Due 1pm, Tuesday, 9/29
You should do this assignment alone. No late assignments.
The purpose of this assignment is to give you experience with pipelined CPUs. You will simulate a given program with simple timing cpu to understand the instruction mix of the program. Then, you will simulate the same program with an pipelined inorder CPU to understand how the latency and bandwidth of different parts of pipeline affect performance. You will also be exposed to pseudo-instructions that are used for carrying out functions required by the underlying experiment. This homework is based on exercise 3.6 of CA:AQA 3rd edition.
#include <cstdio> #include <random> int main() { const int N = 1000; double X[N], Y[N], alpha = 0.5; std::random_device rd; std::mt19937 gen(rd()); std::uniform_real_distribution<> dis(1, 2); for (int i = 0; i < N; ++i) { X[i] = dis(gen); Y[i] = dis(gen); } // Start of daxpy loop for (int i = 0; i < N; ++i) { Y[i] = alpha * X[i] + Y[i]; } // End of daxpy loop double sum = 0; for (int i = 0; i < N; ++i) { sum += Y[i]; } printf("%lf\n", sum); return 0; }
Your first task is to compile this code statically and simulate it with gem5 using the timing simple cpu. Compile the program with -O2
flag to avoid running into unimplemented x87 instructions while simulating with gem5. Report the breakup of instructions for different op classes. For this, grep for op_class in the file stats.txt.
-S
and -O2
options when compiling with GCC. As you can see from the assembly code, instructions that are not central to the actual task of the program (computing aX + Y
) will also be simulated. This includes the instructions for generating the vectors X
and Y
, summing elements in Y
and printing the sum. When I compiled the code with -S
, I got about 350 lines of assembly code, with only about 10-15 lines for the actual daxpy loop.Usually while carrying out experiments for evaluating a design, one would like to look only at statistics for the portion of the code that is most important. To do so, typically programs are annotated so that the simulator, on reaching an annotated portion of the code, carries out functions like create a checkpoint, output and reset statistical variables.
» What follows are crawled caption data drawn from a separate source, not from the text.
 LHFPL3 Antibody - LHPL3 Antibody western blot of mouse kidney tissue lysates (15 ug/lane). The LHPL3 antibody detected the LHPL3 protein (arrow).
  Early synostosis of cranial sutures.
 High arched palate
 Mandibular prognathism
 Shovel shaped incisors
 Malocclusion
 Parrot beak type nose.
You will edit the C++ code from the first part to output and reset stats just before the start of the DAXPY loop and just after it. For this, include the file util/m5/m5op.h
in the program. You will find this file in util/m5
directory of the gem5 repository. Use the function m5_dump_reset_stats()
from this file in your program. This function outputs the statistical variables and then resets them. You can provide 0 as the value for the delay and the period arguments.
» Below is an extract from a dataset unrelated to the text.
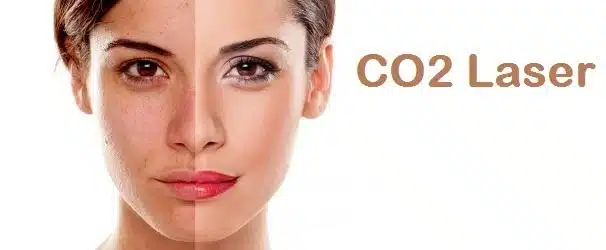 Laser Skin Resurfacing Houston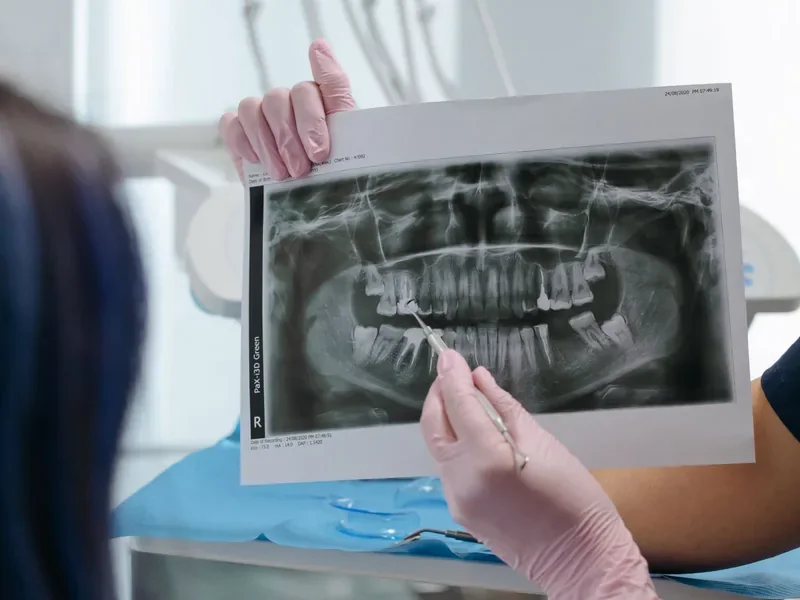Root canal treatment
To provide the definition of the m5_dump_reset_stats()
, go to the directory util/m5
and edit the Makefile.x86 in the following way:
diff --git a/util/m5/Makefile.x86 b/util/m5/Makefile.x86 --- a/util/m5/Makefile.x86 +++ b/util/m5/Makefile.x86 [=@@=] -31,7 +31,7 @@ AS=as LD=ld -CFLAGS=-O2 -DM5OP_ADDR=0xFFFF0000 +CFLAGS=-O2 OBJS=m5.o m5op_x86.o all: m5
Execute the command make -f Makefile.x86
in the directory util/m5
. This will create an object file named m5op_x86.o
. Link this file with the program for DAXPY. Now again simulate the program with the timing simple CPU. This time you should see three sets of statistics in the file stats.txt. Report the breakup of instructions among different op classes for the three parts of the program. Provide the fragment of the generated assembly code that starts with call to m5_dump_reset_stats()
and ends m5_dump_reset_stats()
, and has the main daxpy loop in between.
Take a look at the file src/cpu/minor/MinorCPU.py
. In the definition of MinorFU
, the class for functional units, we define two quantities opLat
and issueLat
. From the comments provided in the file, understand how these two parameters are to be used. Also note the different functional units that are instantiated as defined in class MinorDefaultFUPool
.
Assume that the issueLat and the opLat of the FloatSimdFU can vary from 1 to 6 cycles and that they always sum to 7 cycles. For each decrease in the opLat, we need to pay with a unit increase in issueLat. Which design of the FloatSimd functional unit would you prefer? Provide statistical evidence obtained through simulations of the annotated portion of the code.
You can find a skeleton file that extends the minor CPU here <$urlbase}html/cpu.py>. If you use this file, you will have to modify your config scripts to work with it. Also, you'll have to modify this file to support the next part.
Turn in your assignment by sending an email message to Prof. David Wood david@cs.wisc.edu and Nilay Vaish nilay@cs.wisc.edu with the subject line: “CS752 Homework3”.
The email should contain the name and ID numbers of the student submitting the assignment. The files below should be attached as a zip file to the email.
A file named daxpy.cpp which is used for testing. This file should also include the pseudo-instructions (m5_dump_reset_stats()
) as asked in part 2. Also provide a file daxpy.s with the fragment of the generated assembly code as asked for in part 2.
stats.txt and config.ini files for all the simulations.
A short report (200 words) on questions asked.